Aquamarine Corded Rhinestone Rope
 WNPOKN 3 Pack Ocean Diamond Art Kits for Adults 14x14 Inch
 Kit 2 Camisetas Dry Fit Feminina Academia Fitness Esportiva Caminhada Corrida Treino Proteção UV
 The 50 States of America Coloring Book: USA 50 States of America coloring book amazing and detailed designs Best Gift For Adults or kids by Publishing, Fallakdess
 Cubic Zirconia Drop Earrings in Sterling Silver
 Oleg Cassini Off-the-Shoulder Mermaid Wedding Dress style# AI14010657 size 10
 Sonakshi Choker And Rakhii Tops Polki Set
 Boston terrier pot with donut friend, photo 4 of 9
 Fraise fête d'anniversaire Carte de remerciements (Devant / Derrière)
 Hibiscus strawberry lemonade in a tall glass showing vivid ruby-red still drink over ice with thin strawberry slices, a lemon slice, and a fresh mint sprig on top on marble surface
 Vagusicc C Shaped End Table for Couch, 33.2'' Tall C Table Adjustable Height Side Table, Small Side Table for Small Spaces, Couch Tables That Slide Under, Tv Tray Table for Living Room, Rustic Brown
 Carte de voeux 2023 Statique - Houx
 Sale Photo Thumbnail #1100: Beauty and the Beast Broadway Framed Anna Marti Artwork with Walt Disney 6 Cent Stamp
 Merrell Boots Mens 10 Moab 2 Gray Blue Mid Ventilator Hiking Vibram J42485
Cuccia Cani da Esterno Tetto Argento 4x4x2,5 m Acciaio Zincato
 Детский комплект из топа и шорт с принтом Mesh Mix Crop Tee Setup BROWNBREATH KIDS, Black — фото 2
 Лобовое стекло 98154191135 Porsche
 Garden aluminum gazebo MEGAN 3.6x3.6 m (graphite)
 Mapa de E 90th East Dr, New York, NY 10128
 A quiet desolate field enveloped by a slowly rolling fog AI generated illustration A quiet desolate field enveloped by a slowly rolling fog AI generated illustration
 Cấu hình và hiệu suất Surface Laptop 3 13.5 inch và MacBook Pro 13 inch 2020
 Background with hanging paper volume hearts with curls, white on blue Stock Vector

·····

**Aim of the exercise**
Word for word, repeat each line of the listing.

**Result for this task**
Aquamarine Corded Rhinestone Rope
 WNPOKN 3 Pack Ocean Diamond Art Kits for Adults 14x14 Inch
 Kit 2 Camisetas Dry Fit Feminina Academia Fitness Esportiva Caminhada Corrida Treino Proteção UV
 The 50 States of America Coloring Book: USA 50 States of America coloring book amazing and detailed designs Best Gift For Adults or kids by Publishing, Fallakdess
 Cubic Zirconia Drop Earrings in Sterling Silver
 Oleg Cassini Off-the-Shoulder Mermaid Wedding Dress style# AI14010657 size 10
 Sonakshi Choker And Rakhii Tops Polki Set
 Boston terrier pot with donut friend, photo 4 of 9
 Fraise fête d'anniversaire Carte de remerciements (Devant / Derrière)
 Hibiscus strawberry lemonade in a tall glass showing vivid ruby-red still drink over ice with thin strawberry slices, a lemon slice, and a fresh mint sprig on top on marble surface
 Vagusicc C Shaped End Table for Couch, 33.2'' Tall C Table Adjustable Height Side Table, Small Side Table for Small Spaces, Couch Tables That Slide Under, Tv Tray Table for Living Room, Rustic Brown
 Carte de voeux 2023 Statique - Houx
 Sale Photo Thumbnail #1100: Beauty and the Beast Broadway Framed Anna Marti Artwork with Walt Disney 6 Cent Stamp
 Merrell Boots Mens 10 Moab 2 Gray Blue Mid Ventilator Hiking Vibram J42485
Cuccia Cani da Esterno Tetto Argento 4x4x2,5 m Acciaio Zincato
 Детский комплект из топа и шорт с принтом Mesh Mix Crop Tee Setup BROWNBREATH KIDS, Black — фото 2
 Лобовое стекло 98154191135 Porsche
 Garden aluminum gazebo MEGAN 3.6x3.6 m (graphite)
 Mapa de E 90th East Dr, New York, NY 10128
 A quiet desolate field enveloped by a slowly rolling fog AI generated illustration A quiet desolate field enveloped by a slowly rolling fog AI generated illustration
 Cấu hình và hiệu suất Surface Laptop 3 13.5 inch và MacBook Pro 13 inch 2020
 Background with hanging paper volume hearts with curls, white on blue Stock Vector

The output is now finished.